In advancing his submissions in support of the first ground of appeal, Mr Clay drew my attention to the decision of the Court of Appeal in Halki Shipping Corporation v Sopex Oils Ltd [1998] 1 Lloyd's Rep 465. He did so to emphasise the sea-change effected by section 9. No longer will courts consider, when deciding whether to grant a stay in favour of allowing an arbitration to proceed, whether the dispute is one which can be resolved by the court's summary judgment processes. Instead, and assuming that the dispute is within the scope of the arbitration agreement, the court is obliged to stay the court proceedings to allow the parties to have their dispute referred to arbitration as their contractually selected method of dispute resolution. Moreover, there is no minimum threshold of issue-arguability for resorting to arbitration, and thus for invoking the exercise of the court's power under section 9 to order a stay of any legal proceedings brought in respect of the dispute. A dispute for this purpose is any claim by one party against another which that other does not admit. What is more, in order to obtain a stay, it is not necessary (as section 9(2) makes clear) that by the time of the stay application the dispute has already been referred to arbitration. Nor does it matter that the dispute will only be referred, if at all, when other dispute resolution processes have been first exhausted.

Against this background Mr Clay submitted, when advancing the first way in which he put this ground of appeal, that the court should be willing to construe the expression "legal proceedings", when used in section 9, as embracing the service of the statutory demand on the basis that it operated as if it were an application for summary judgment. The court should be willing to do so, he submitted, because when application is made to set aside a statutory demand, the court is invariably invited, as it certainly was before the Chief Registrar on this occasion, to investigate the merits of the alleged creditor's claims and any cross-claims by the alleged debtor. Those, he said, were the very things which it is the purpose of section 9 that the court should not do when, as here, the alleged debtor wishes the dispute to be referred to arbitration. It matters not, he said, that as a matter of form the first step in any actual proceedings, in the sense of the issue of a court application, is by the alleged debtor (in this case Mr Shalson) as the person seeking the stay. Under the Civil Procedure Rules, the court looks to the substance, rather than to the form. The substance here was a wish by Mr Shalson to have recourse to arbitration as a means of resolving his dispute with Keane's and to this end, to prevent the dispute from becoming the subject of proceedings in a court of law.

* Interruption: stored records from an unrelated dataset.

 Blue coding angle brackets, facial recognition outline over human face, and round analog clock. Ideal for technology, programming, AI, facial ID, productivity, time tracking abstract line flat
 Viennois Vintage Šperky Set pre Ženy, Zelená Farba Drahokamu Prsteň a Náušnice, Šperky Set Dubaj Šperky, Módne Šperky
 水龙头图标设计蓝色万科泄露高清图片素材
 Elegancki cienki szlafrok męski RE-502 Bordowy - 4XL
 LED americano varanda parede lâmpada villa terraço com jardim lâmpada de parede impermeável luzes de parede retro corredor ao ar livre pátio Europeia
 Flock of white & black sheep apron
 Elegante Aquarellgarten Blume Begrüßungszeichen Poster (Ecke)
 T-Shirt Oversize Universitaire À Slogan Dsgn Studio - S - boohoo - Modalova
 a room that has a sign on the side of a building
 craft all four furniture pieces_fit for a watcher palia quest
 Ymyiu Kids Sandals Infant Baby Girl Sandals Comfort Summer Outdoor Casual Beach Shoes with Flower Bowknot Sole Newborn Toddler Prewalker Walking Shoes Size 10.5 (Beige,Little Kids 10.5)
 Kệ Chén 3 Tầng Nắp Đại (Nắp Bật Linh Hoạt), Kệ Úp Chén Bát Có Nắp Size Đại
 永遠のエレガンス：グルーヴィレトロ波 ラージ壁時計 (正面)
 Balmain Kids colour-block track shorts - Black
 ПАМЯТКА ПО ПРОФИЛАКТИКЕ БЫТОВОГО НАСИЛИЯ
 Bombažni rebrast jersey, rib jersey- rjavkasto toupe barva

In my judgment, the contention that the service of the statutory demand is a legal proceeding within the meaning of section 82(1) is untenable. It is no more than a formal demand which, if it is validly to form the basis of a bankruptcy petition, must satisfy the requirements of insolvency rule 6.1 and 6.2. As the Chief Registrar stated, a statutory demand is an essential precursor to the presentation of a petition, because failure to pay the sum claimed in the demand within the prescribed period gives rise to a presumption of insolvency upon which a petition may be based. It is, in short, an essential prerequisite to the commencement of a certain type of legal proceeding, but it is not itself a legal proceeding.

In In re A Debtor (No 88 of 1991) [1993] Ch 286 the question arose whether a statutory demand claiming the amount of two solicitors' bills, seeking recovery of costs for advice given and work done, constituted the bringing of an action within 69(1) of the Solicitors Act 1974. The Vice-Chancellor, Sir Donald Nicholls, held that it was not. The relevant prohibition in section 69(1) was that "no action should be brought" to recover any costs due to a solicitor before the expiration of one month from the date on which the bill is delivered in accordance with the requirements of the section.

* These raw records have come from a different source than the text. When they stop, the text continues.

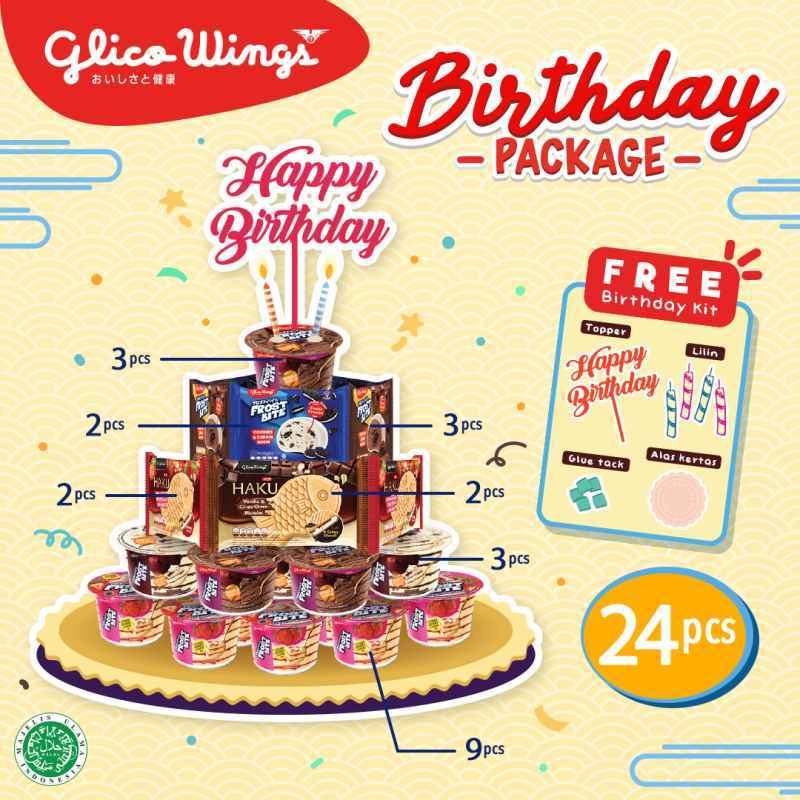 Jual Whs Yogyakarta Glico Wings Birthday Cake Ice Cream Package Di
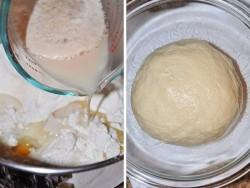 Рецепт - ХАЧАПУРИ НА МОЛОКЕ С СЫРОМ - Шаг 2 -  Влейте дрожжи и замесите тесто. Вымешивайте тесто 5-10 минут до эластичности. Готовое тесто смажьте растительным маслом, положите в глубокую миску и накройте. Оставьте тесто подниматься на 2 часа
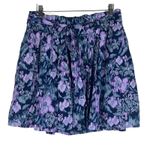 Old Navy NWT Mini Skirt Womens 6 Purple Blue 100% Cotton Belted Pleated Preppy Photo 1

In the course of his judgment the Vice-Chancellor said this (page 291G):

".... although 'action' is to be construed liberally I cannot accept that it is wide enough to embrace a non-legal process such as a statutory demand. A statutory demand is one of the statutorily prescribed prerequisites to obtaining remedies afforded to creditors by a bankruptcy order. The demand is not issued by a court. It does have legal consequences for a debtor, and it is for this reason that the legislation provides a court process which debtors can invoke in order to have the demand set aside. Despite this framework, Parliament cannot be taken to have intended that making a demand was within the scope of the prohibition on commencing actions. The phrase 'no action shall be brought' is too specific a reference to legal process for that to be a tenable construction."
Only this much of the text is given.